I've been watching The Walking Dead recently. I caught up with all of season one in time to watch the premier of season two last Sunday. I feel about the show the way I do about a misguided relationship. The dialogue is often stilted, the interactions between characters are flat and barely believable and the plot is often hopelessly contrived, but the show looks really good.
With as a show, as in a relationship, looks can go a long way to make you forget about the general crappiness of everything else about it.
Well, it's not that bad. I mean, it'll get better. I just need to give it more time. I can't leave the show now, before it has a chance to come into its own and be the show I know it can be!
Ahem.
I do enjoy the novelty of a show with zombies and up to now, the zombies have been used most effectively to scare the living shit out of me. Though, for some reason, whenever I see a horde of lumbering undead on the show, I can't help but think, "Look at these fucking hipsters."

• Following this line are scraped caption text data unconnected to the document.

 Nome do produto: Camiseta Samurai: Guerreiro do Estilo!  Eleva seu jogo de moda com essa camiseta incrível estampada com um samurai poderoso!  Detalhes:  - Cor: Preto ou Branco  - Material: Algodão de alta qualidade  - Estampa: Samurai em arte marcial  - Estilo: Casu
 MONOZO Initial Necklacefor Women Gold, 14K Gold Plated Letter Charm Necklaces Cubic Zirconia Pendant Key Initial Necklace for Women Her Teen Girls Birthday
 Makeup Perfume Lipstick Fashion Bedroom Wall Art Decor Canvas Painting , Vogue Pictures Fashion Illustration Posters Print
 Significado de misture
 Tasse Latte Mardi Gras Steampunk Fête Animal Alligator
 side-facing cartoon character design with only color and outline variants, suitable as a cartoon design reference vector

One thing watching the show has helped me with is relating to all the young whippersnappers I am once again tutoring, which is fitting because the terror I feel when, walking past a high school, I hear the dismissal bell ring, is something like the terror one would feel when facing an oncoming herd of zombies.
The other day, I had a group of highschoolers and we were waiting around for the tutoring session to start, so I asked them what they would do in the event of a zombie apocalypse.

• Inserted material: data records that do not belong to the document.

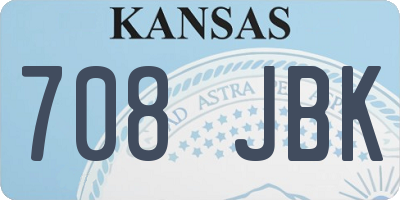 KS license plate 708JBK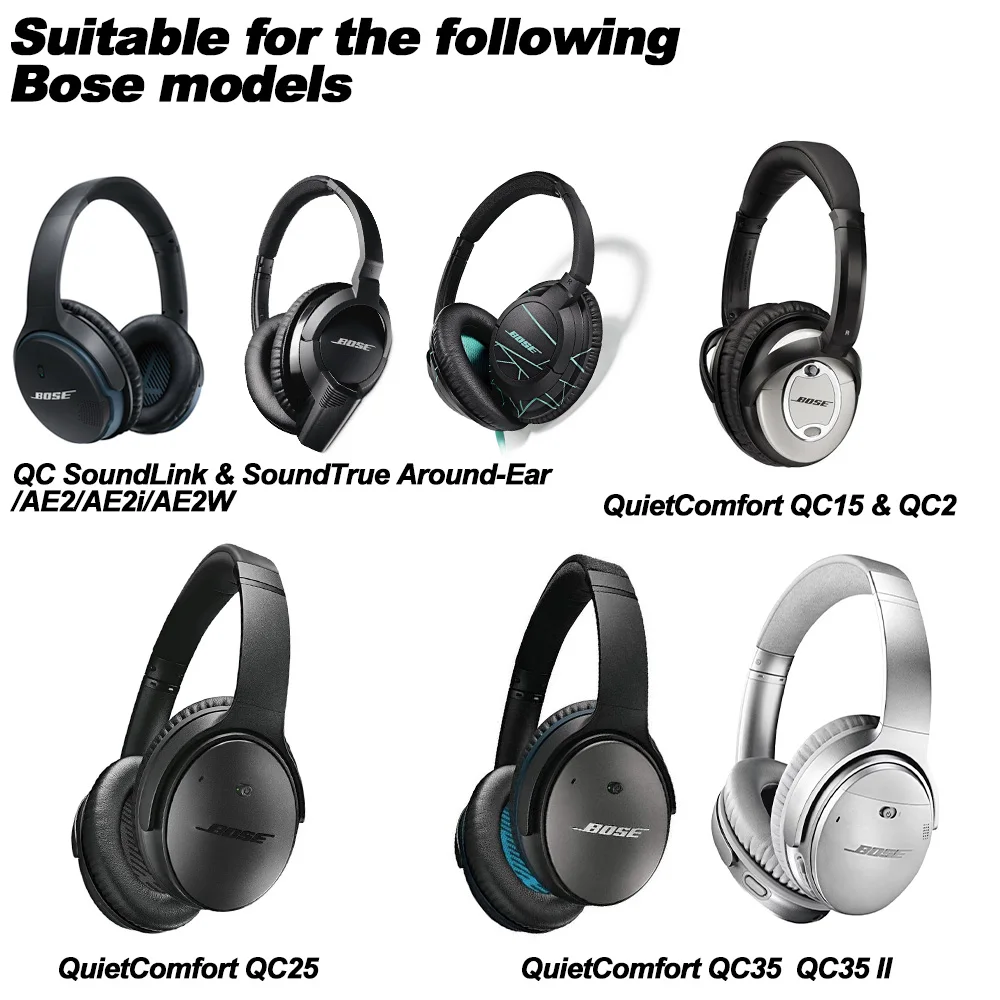 وسادات الأذن مع BOSE QC15.QC35.QC25 البروتين والجلود رغوة الذاكرة بطانة للأذن وسائد بديلة فوق الأذن سماعات لينة برو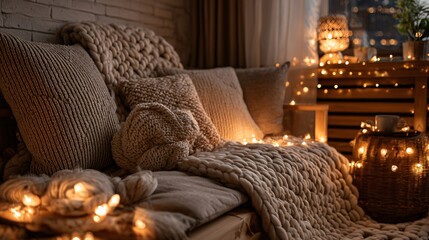 A warm-toned corner vignette with throws and string lights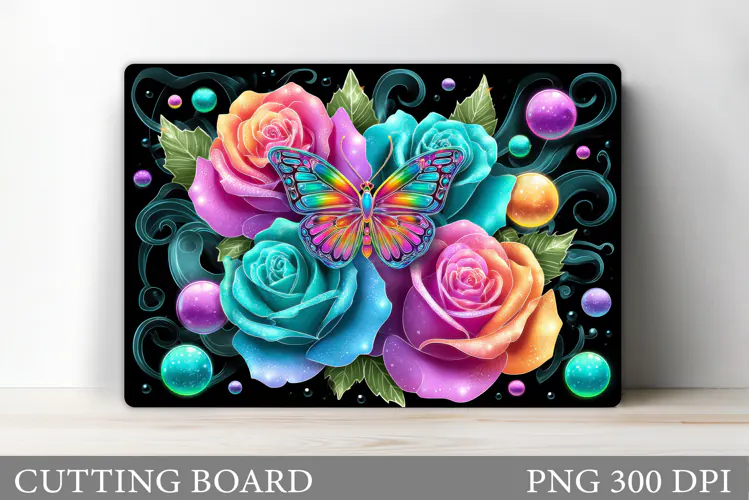 Roses Cutting Board Design. Butterfly Cutting Board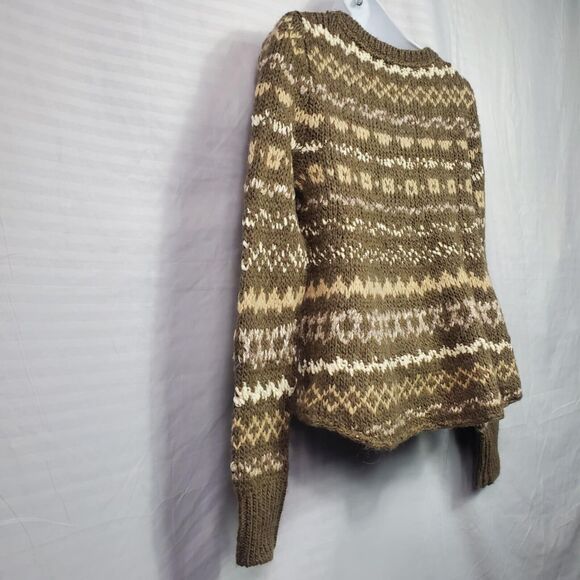 Free People Through the Storm Fair Isle Knit Sweater Sz S Acrylic Blend Taupe - Picture 10 of 15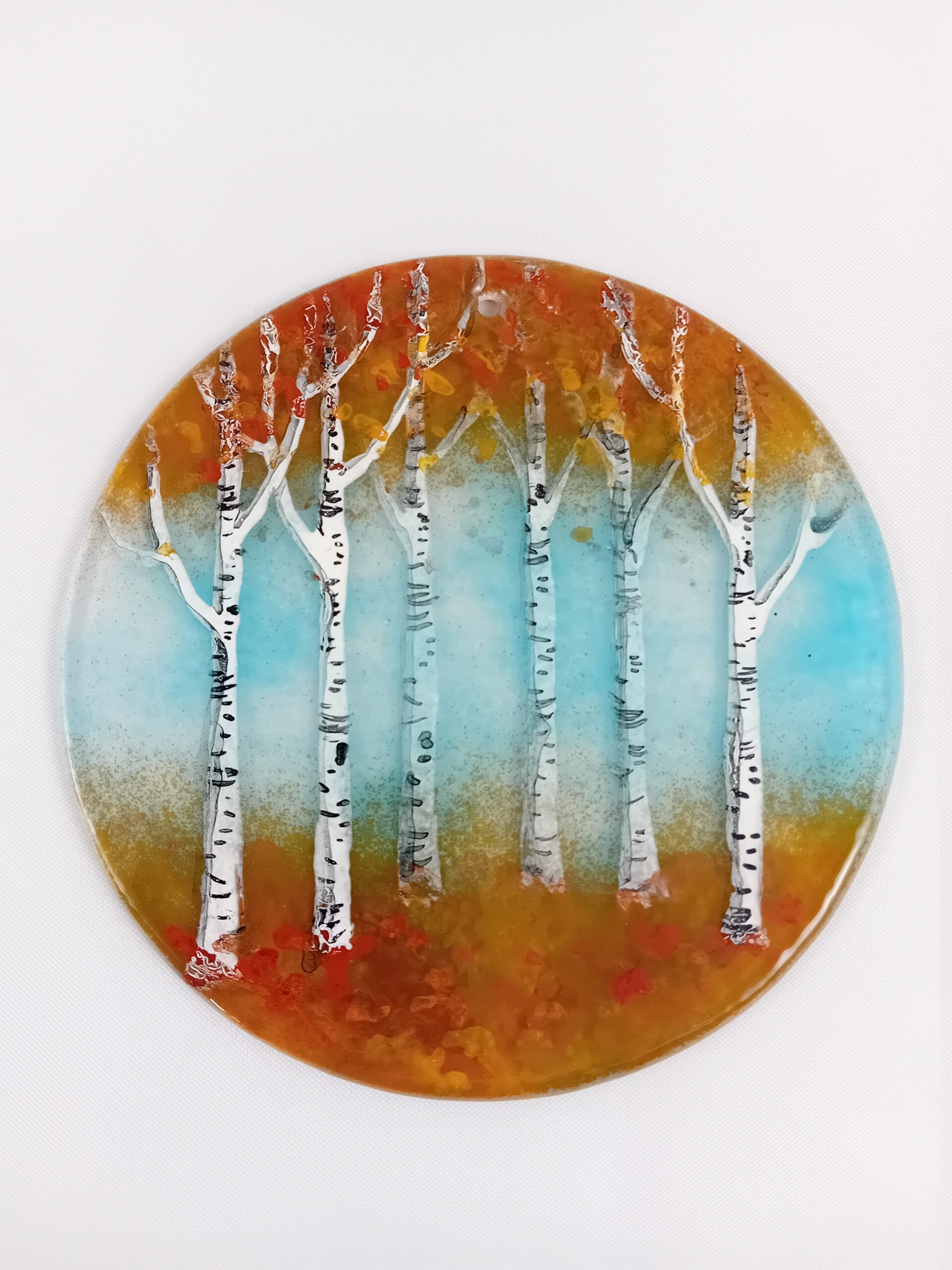 Autumn birches round suncatcher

Most of them didn't have an answer. We have a name for those who don't know what they will do when the proverbial shit hits the proverbial fan and people start turning into not-so-proverbial walking legions of flesh-munching corpses.
Chum!
One girl jumped at my question, though. It was clear that she derived a morbid joy from my asking. She had clearly given the question a lot of thought.
"I would go to Costco!" she practically squeaked with excitement.
"Why Costco? Why not Target or another big store like that?" I asked, genuinely curious.
"Because, besides all the supplies you would need, Costco also has guns," she smiled.
Hats off to you, high school girl. You seem to have found the best place to hide from the coming doom. You will survive the impending zombie apocalypse.
There is nothing for me to teach her.
2 comments:
Not just zombies, man. Come the revolution, this lass is set.
Its a good thing I have membership card.